Paper borders in Global Apartheid

Now we arrive at the core of what currently underpins all border infrastructures, and this is the system surrounding passports and visas. The strength of any person’s passport in relation to their ability to internationally migrate is easily mapped on the Global passport index. Generally speaking, people from Global North countries can travel all over the world relatively easily – if they need a visa, the process is accessible, quick, and often automatic. In most cases, no visa is needed at all – the Global North citizen needs only to book a flight. This is because of the existing visa-waiver agreements between Global North countries that allow freedom of movement for each others’ citizens – like New Zealanders going to the EU, Europeans going to the USA and so on.



In stark contrast, there are almost no visa-free travel or visa waiver programmes for citizens from the Global South going to the Global North. And the visas that do exist are mostly inaccessible and involve long bureaucratic hurdles. They are mostly available to those with money, higher education and a so-called “highly skilled” job.

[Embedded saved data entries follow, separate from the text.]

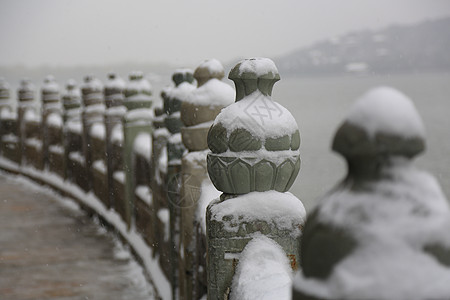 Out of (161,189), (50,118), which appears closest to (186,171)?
(161,189)

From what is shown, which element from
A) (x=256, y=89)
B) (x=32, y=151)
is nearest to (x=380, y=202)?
(x=256, y=89)

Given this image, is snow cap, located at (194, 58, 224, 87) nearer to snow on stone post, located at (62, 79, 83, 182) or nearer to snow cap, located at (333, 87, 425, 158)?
snow cap, located at (333, 87, 425, 158)

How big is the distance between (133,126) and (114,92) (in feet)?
7.16

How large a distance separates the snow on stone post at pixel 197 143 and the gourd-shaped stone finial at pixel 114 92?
558 cm

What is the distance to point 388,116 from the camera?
92 cm

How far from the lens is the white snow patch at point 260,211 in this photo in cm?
225

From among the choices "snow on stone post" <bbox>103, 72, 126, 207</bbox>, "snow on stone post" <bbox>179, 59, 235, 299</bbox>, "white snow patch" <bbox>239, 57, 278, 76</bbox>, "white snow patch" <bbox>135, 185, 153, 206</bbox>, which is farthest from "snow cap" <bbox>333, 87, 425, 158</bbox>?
"snow on stone post" <bbox>103, 72, 126, 207</bbox>

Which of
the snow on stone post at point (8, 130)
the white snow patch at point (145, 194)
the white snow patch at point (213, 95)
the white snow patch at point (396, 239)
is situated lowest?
the snow on stone post at point (8, 130)

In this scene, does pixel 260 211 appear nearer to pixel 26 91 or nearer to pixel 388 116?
pixel 388 116

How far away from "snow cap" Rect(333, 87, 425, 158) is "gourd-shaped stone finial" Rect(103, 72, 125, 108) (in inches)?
334

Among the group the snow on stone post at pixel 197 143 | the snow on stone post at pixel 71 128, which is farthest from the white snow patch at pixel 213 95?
the snow on stone post at pixel 71 128

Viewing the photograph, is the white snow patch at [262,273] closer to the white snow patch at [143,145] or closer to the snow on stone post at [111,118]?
the white snow patch at [143,145]

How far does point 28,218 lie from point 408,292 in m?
9.53

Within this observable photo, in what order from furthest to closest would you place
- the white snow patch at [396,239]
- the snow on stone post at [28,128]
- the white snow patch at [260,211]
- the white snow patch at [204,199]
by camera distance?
the snow on stone post at [28,128], the white snow patch at [204,199], the white snow patch at [260,211], the white snow patch at [396,239] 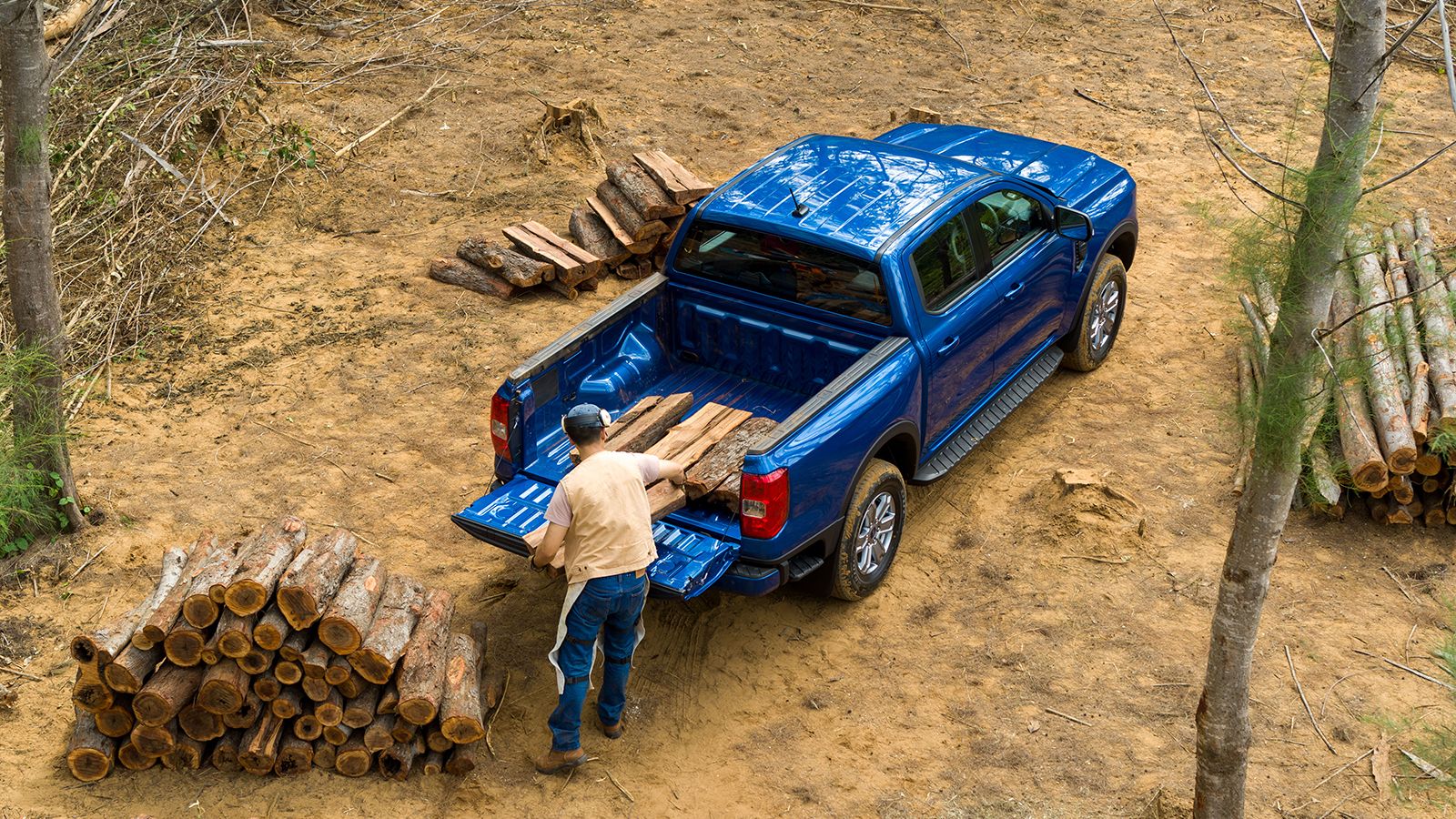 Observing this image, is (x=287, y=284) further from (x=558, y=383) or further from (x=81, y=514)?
(x=558, y=383)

At the same time, the people who decide to seek chances outside of their own country often do so as a result of circumstances created by the Global North’s meddling with the Global South: political destabilisation, the initiation of and backing of wars and conflict, exploitation of local resources and resultant economic disadvantage, are direct consequences of the Global North’s involvement in the Global South.


When people from the Global South decide to (or are forced to) seek chances outside of their own country or region, the international border regime means they have to resort to alternative migration pathways, consisting of dangerous journeys in their attempts to cross and avoid externalised, fortified, and internalised borders. As a result, tens of thousands of people have died on the way to Europe alone and undocumented people within Europe continue to face dire life circumstances. Even for those who arrive in Europe, they might then face physical and institutional segregation in reception centres far away from jobs, healthcare, and the rest of the society. It’s incredibly important to understand that the restrictions on freedom of movement aren’t universal - they are targeted and intersect with colonial-, race-, and class lines. The global migration regime discriminates against Global South citizens and the Global North claims this system is for its own self-protection, and that gating, policing, removing and letting people drown is necessary for its security. The practices of apartheid are state-sanctioned and state warranted forms of structural violence that cause people to die.


It wouldn’t require a radical overhaul to immediately start combating apartheid and saving lives - this could be achieved almost overnight by introducing equally accessible safe migration pathways regardless of nationality. In another, much larger sense, however, it’s clear that the gigantic border infrastructure must be demolished in its entirety to ensure a more equal freedom of movement for all. That’s why we fight domestic policies, parties, and ideologies, which uphold this apartheid.


Further reading

Border Regimes and the New Global Apartheid
The Global Mobility Infrastructure: Reconceptualising the Externalisation of Migration Control
Migration As Decolonization
The Autoimmunity of the EU’s Deadly B/ordering Regime; Overcoming its Paradoxical Paper, Iron and Camp Borders
The Global Mobility Divide: How Visa Policies Have Evolved over Time

Looking for ways to resist global apartheid?
  • Boycott industries and businesses that get rich off paying unlivable wages to workers in the Global South, as well as stolen products like blood minerals in phones, coffee, spices, and source them locally or directly instead.
  • Damage border fences or help people cross them. No shame in being a smuggler!
  • Push the legal ways of entry - marry someone for papers, help someone get a VISA, or distract a border guard! It might not change the system but it’s a form of resistance.